Нас немного раздражает это летучее лицо, которое так быстро проносится мимо, что остается в памяти лишь светлая туманность. Белый – в блузе работника, строящий в Дорнахе теософский храм, и Белый с террористами, влюбленный в грядущую революцию. Белый – церковник и Белый – эстет, описывающий парики маркизов, Белый, считающий с учениками пэоны Веневитинова и Белый – в «Пролеткульте», восторженно внимающий беспомощным стихам о фабричных гудках. Их много. Белых, и много наивных людей, крепко сжимая пустые руки, верят, что поймали ветер. Мы все так ждем пророков, так жаждем указующего жезла и ног, которые можно было бы лобызать. Почему же никто не пошел за Белым, ни в Дорнах, ни в «Пролеткульт», почему одинок он в своих круговселенских путешествиях. Почему одни не целуют края его одежд, а другие не побивают его каменьями. Почему даже это пламенное слово «гений», когда говорят о Белом, звучит, как титул, как ярлык, заготовленный каким-нибудь журнальным критиком. Белый мог быть пророком: его мудрость горит, ибо она безумна, его безумие юродивого озарено божественной мудростью. Но «шестикрылый серафим», слетев к нему, не кончил работы. Он разверз очи поэта, он дал ему услышать нездешний ритм, он подарил ему «жало мудрое змеи», но он не коснулся его сердца.

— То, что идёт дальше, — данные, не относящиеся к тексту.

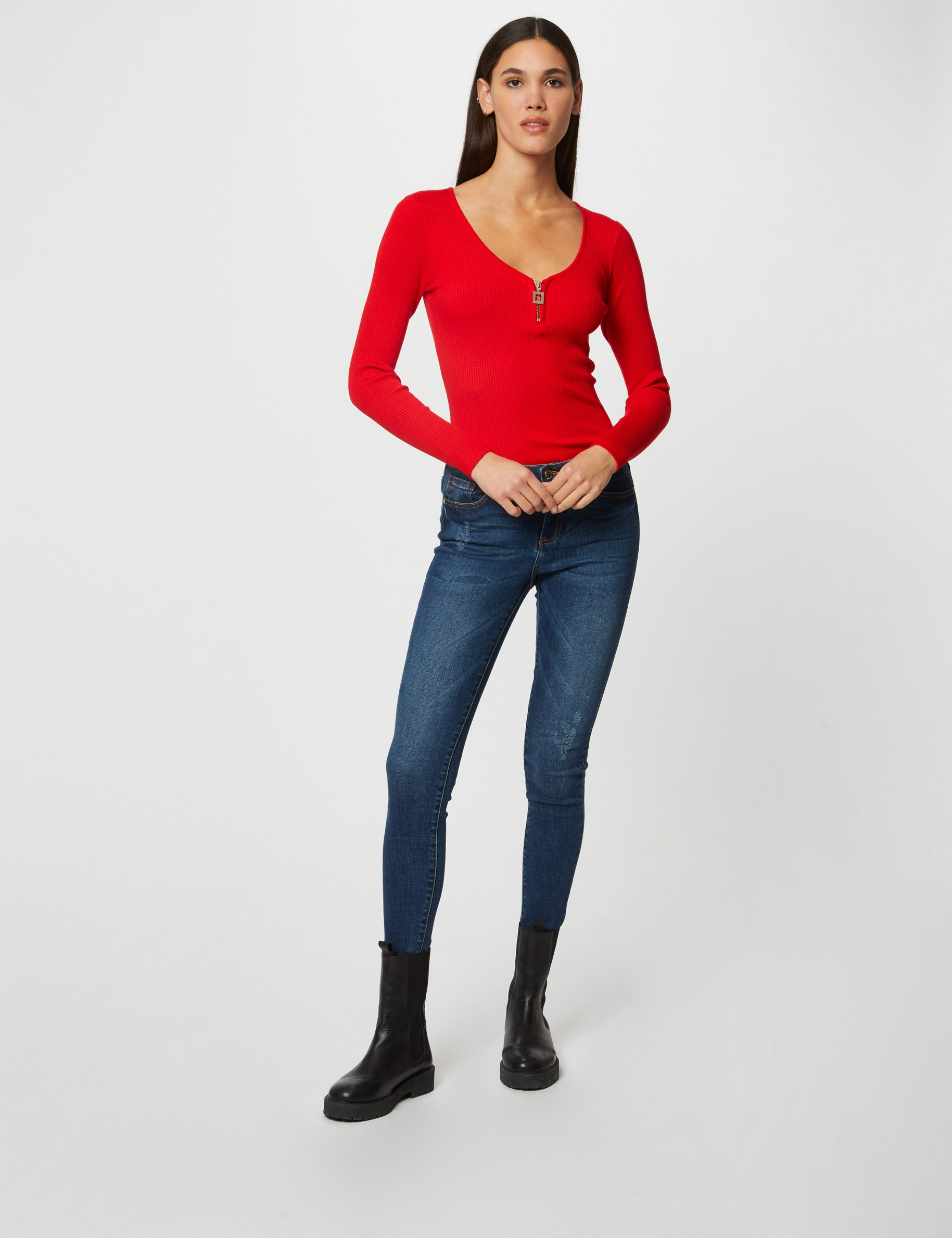 Pull manches longues avec d&eacute;tail zipp&eacute; rouge femme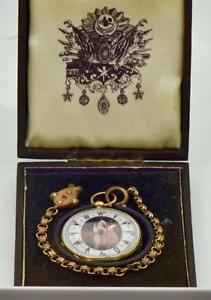 ONE OF A KIND antique 18k gold watch/fancy erotic dial for Ottoman Sultans Court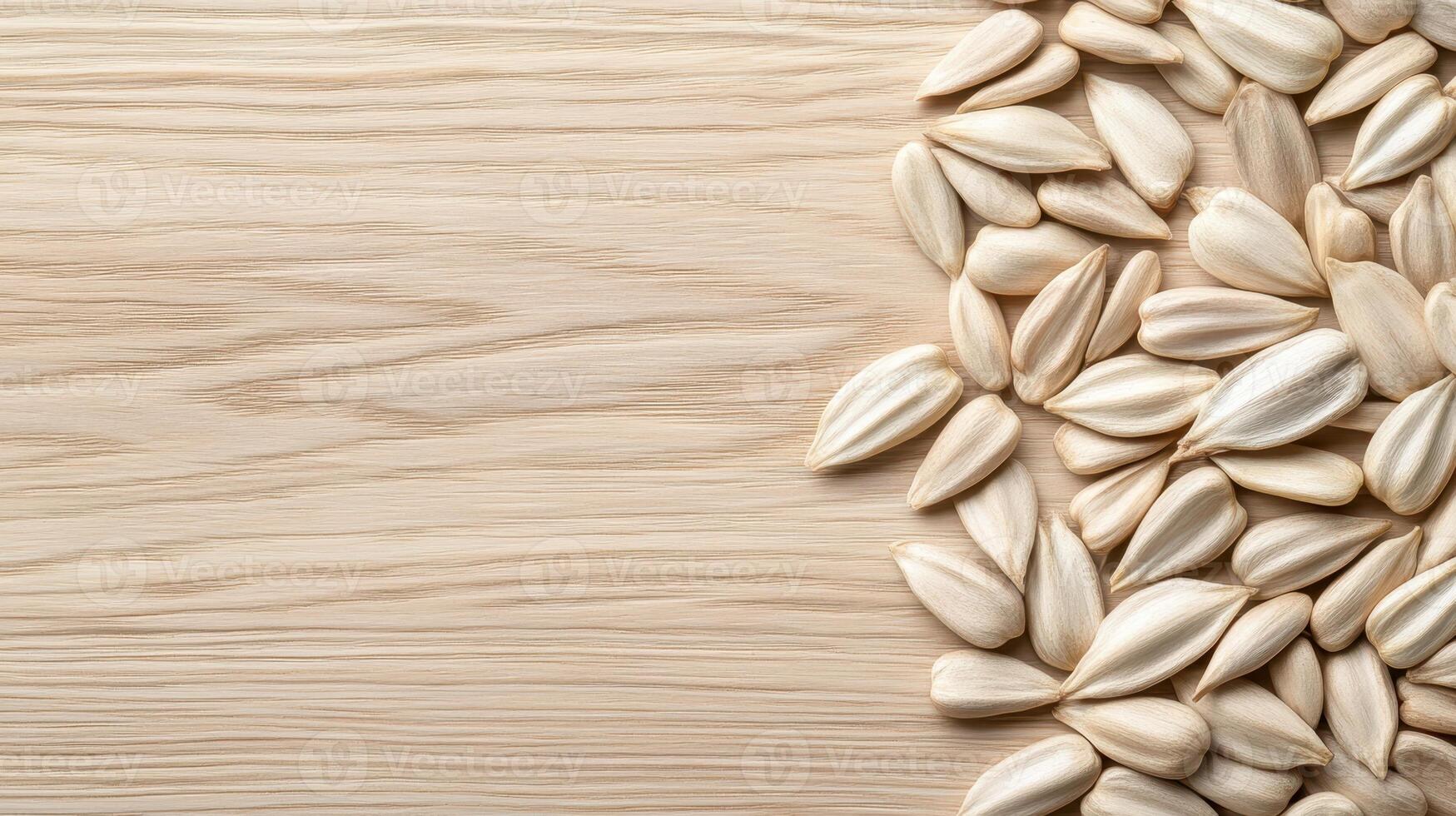 Sunflower Seeds Pile on Wooden Surface. White Seed Shells Grouped for Planting in Gardening. Natural Farming Product Concept on Table. photo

Какое странное противоречие: неистовая пламенная мысль, а в сердце вместо пылающего угля – лед. И, глядя на сверкающие кристаллы, на алмазные венцы горных вершин, жаждущие пророка почтительно, даже восторженно говорят: «гениально». Но ставят прочитанный томик на полку просто. Любовь и ненависть могут вести за собой людей, но не безумие чисел, не математика космоса, – видения Белого полны великолепия и холода. Золото в лазури, – не полдневное светило июня, но осенний закат в ясный ветренный день над вспененным морем. Холодный синий огонь, а в мраморной урне легчайший серебряный пепел. В его ритме нет ни биения сердца, ни голосов земли. Так звенят великолепные водопады высоко, там, где уже трудно дышать, где простой человеческий голос звучит, как рог архистратига, где слезы, теплые, людские мгновенно претворяются в прекрасные, блистающие, мертвые звезды. Впрочем, все это лишь различие климатических зон.
Разве Белый виновен в том, что он родился не в долине. Конечно, мы тоже не виновны в нашей привязанности к приземистым лагунам. Остается благословить разнообразие природы и помечтать о скорейшем изобретении вселенских лифтов. Пока же мы радуемся, что кто-то, пусть без нас, пусть один, стоит наверху. Оттуда виднее. Оттуда и только оттуда, где видны не губернии, но миры, где слышен ход не дней, но тысячелетий, могли быть брошены вниз прекрасные слова о России – «Мессии грядущего дня» В этом титаническом масштабе наше спасенье, среди бурь, которые преображают мир, но также рвут одежду и бьют утварь. Оценим же в Белом не лоцмана, не желанный берег, но лишь голубя, который принес нам весть о земле неизвестной, но близкой и верной.